Remarkably for a man whose 6ft 1in figure dominated Irish public life for more than half a century, there is little evidence of any stable political convictions in the first two decades of De Valera’s early life. At Blackrock, his intellectual formation was decidedly Victorian, and Victorian England at that: the young De Valera had little interest in the Irish language revival or Gaelic sports. In the debating society he supported a motion that “constitutional monarchy as a form of government is preferable to republicanism”.
But there are echoes of De Valera the headstrong statesman in his formative years. Teammates attribute an expected rugby cup final defeat to his authoritarian captaincy – he took all the penalties and conversions. Years later, while campaigning for Sinn Fein in America, a travelling companion would remark that the Chief “tends to force his own opinions without hearing from the other fellows and thus thinks he has co-operation when he only gets silent acquiescence”.
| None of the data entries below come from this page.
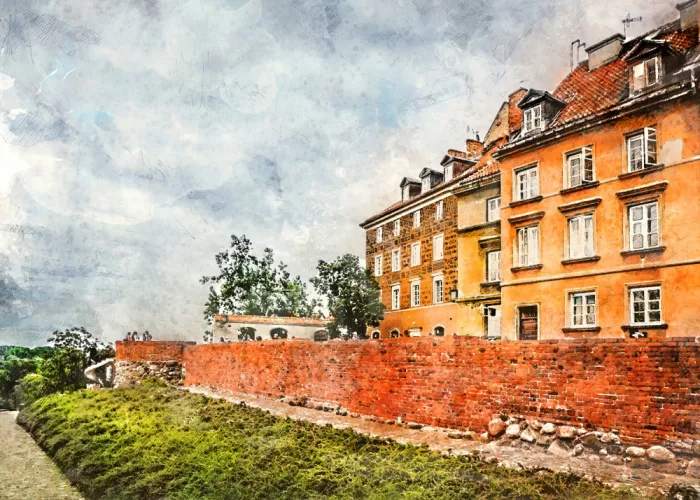 Jaszke, Justyna: Acuarela urbana de Varsovia Polonia (32)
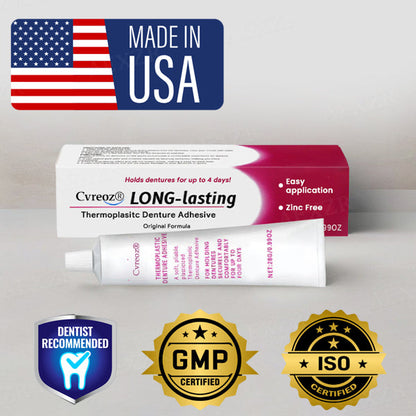 Cvreoz® Thermoplastic Denture Adhesive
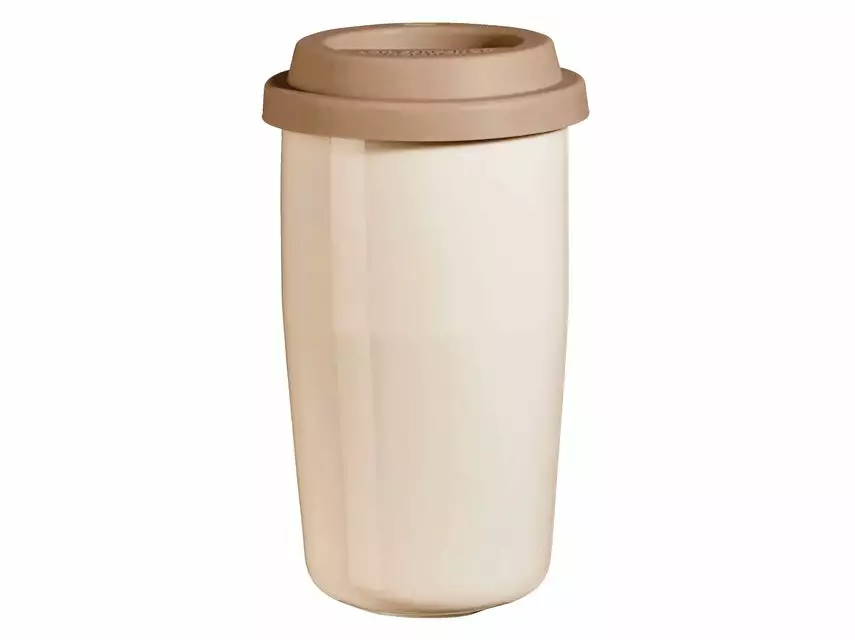 Bestpreis ❤️ Asa Thermobecher creme "Cup-and-Go" in beige ❤️ 1 Bestpreis ❤️ Asa Thermobecher creme "Cup-and-Go" in beige ❤️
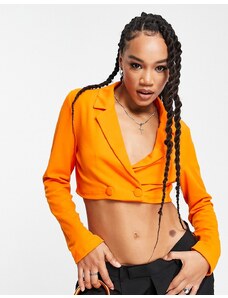 Rebellious Fashion - Blazer corto sartoriale oversize arancione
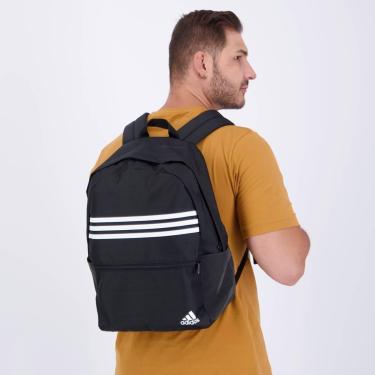 Imagem de Mochila Adidas Classica 3S Com Estojo Preta-Unissex
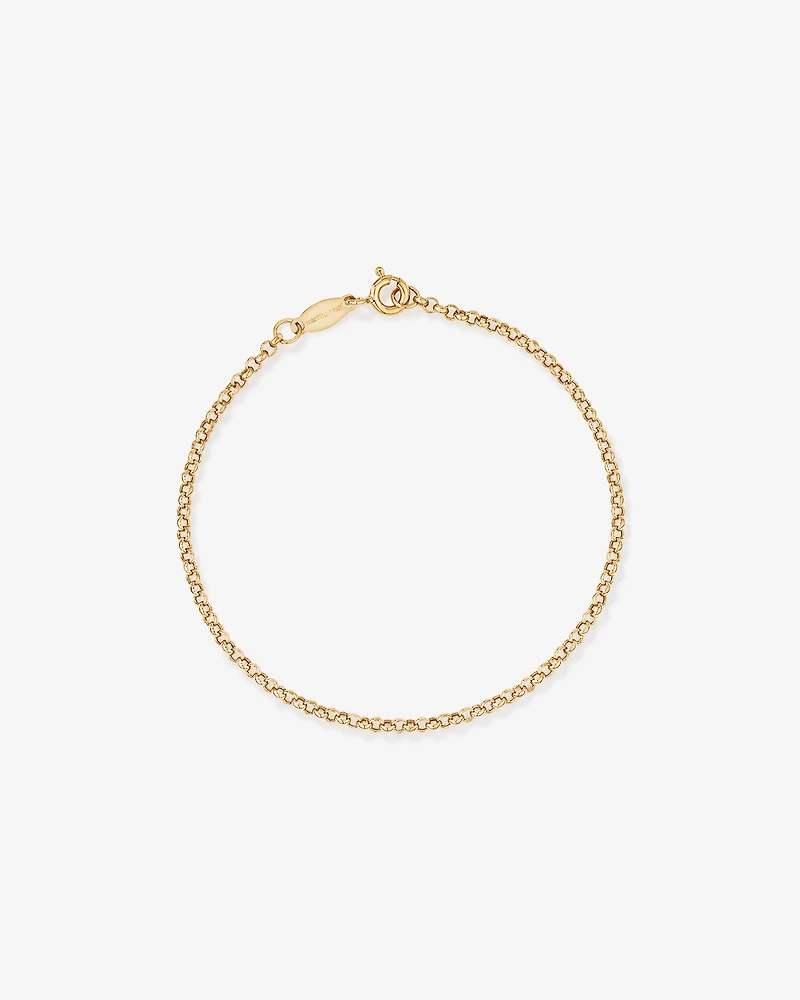 17cm (7") 2mm-2.5mm Width Hollow Belcher Bracelet in 10kt Yellow Gold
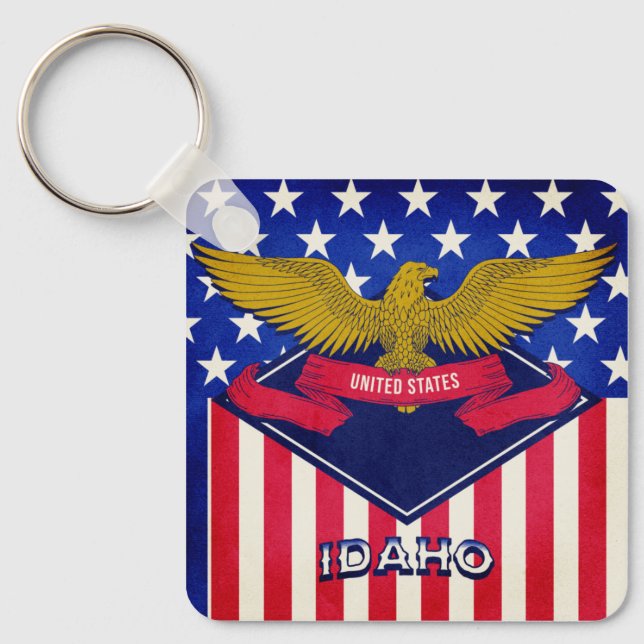 Porte-clés Porte - clé du Drapeau Idaho USA (Recto)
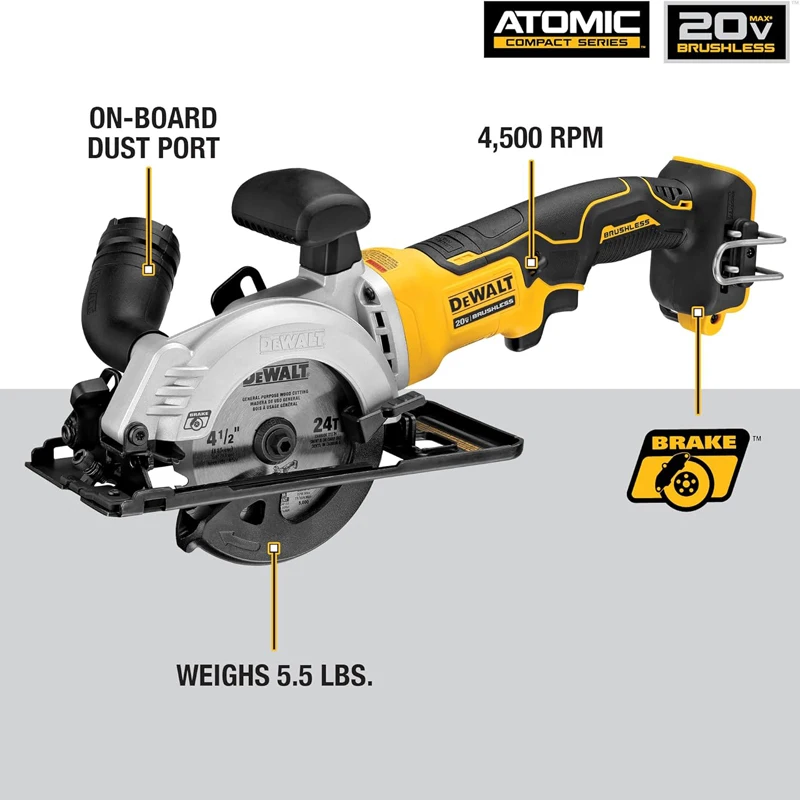 Imagem -03 - Max Serra Circular 41 sem Escova sem Fio Rápido Suave Corte Carpintaria Ferramentas Elétricas Dewalt-dcs571 20v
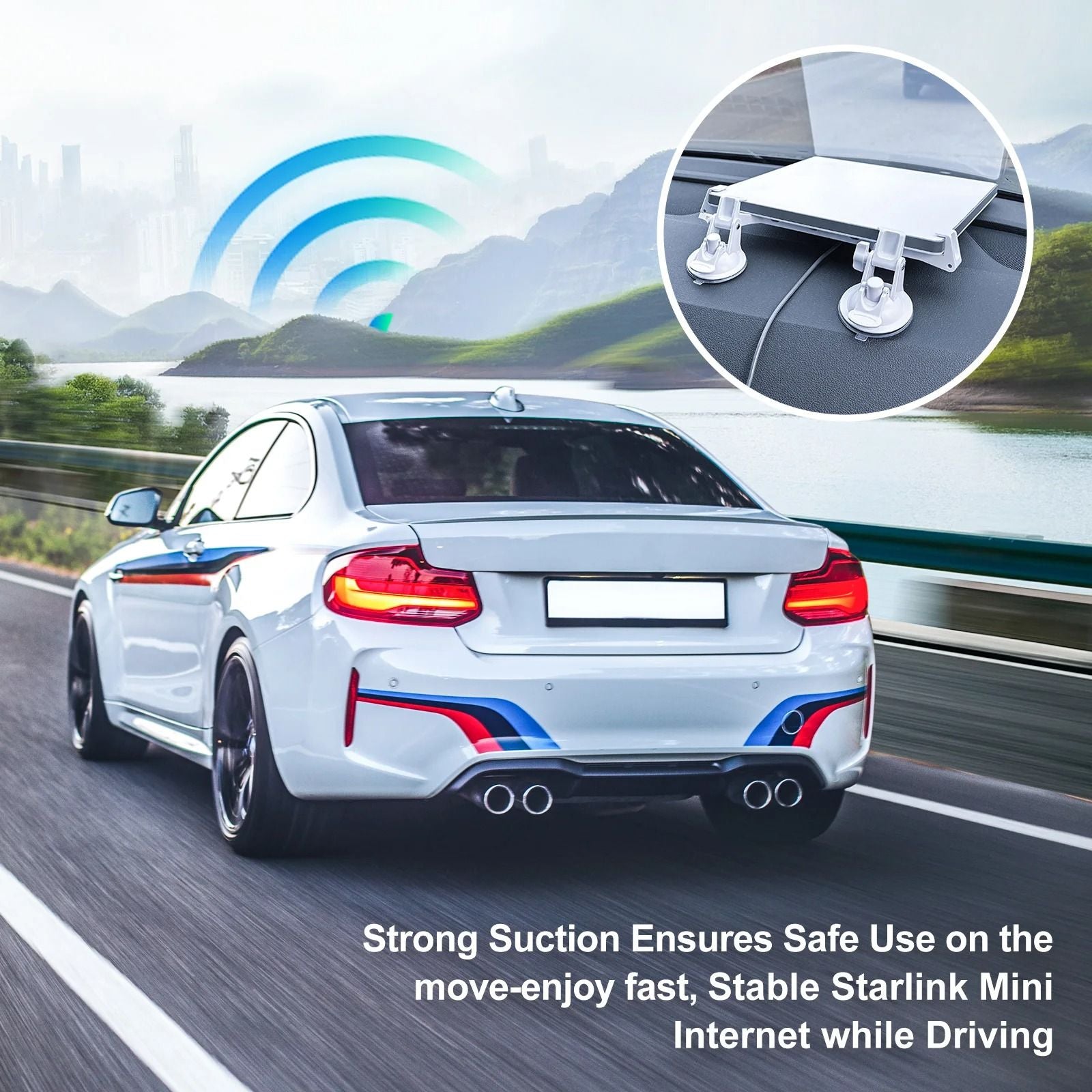 Travel Suction Cup Mount Bracket For Mini Satellite Setup 5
De Valera was a man of convictions. Although he only started learning Irish to further his teaching career, he became a passionate advocate for the language, and the cultural accoutrements around it. He married his teacher, Sinead Ni Fhlannagain, changed his name to what became Eamon, joined the Irish Volunteers, and within three years was leading a battalion in the Easter Rising.
That De Valera survived the Rising when most of the other leaders were executed owed more to luck than his American passport. His battalion was late to surrender, and by time he was imprisoned London was already concerned about the public relations disaster unfolding inside the prison walls at Kilmainham. But the Rising was the making of De Valera. The headmaster was perfectly placed to step into the power vacuum “by virtue of his age, education and understanding of the requirements of leadership”, writes Fanning. By the end of 1917, De Valera was MP for East Clare, undisputed leader of Sinn Fein and president of the Volunteers.
As Ireland descended into guerilla war, De Valera left for America, making the case for Irish self-determination at packed rallies across the US for over 18 months. (Despite his avowed passion for an Ireland of ‘cosy homesteads’ De Valera had scant interest in his own domestic arrangements, leaving Sinead to raise their seven children almost single-handedly.)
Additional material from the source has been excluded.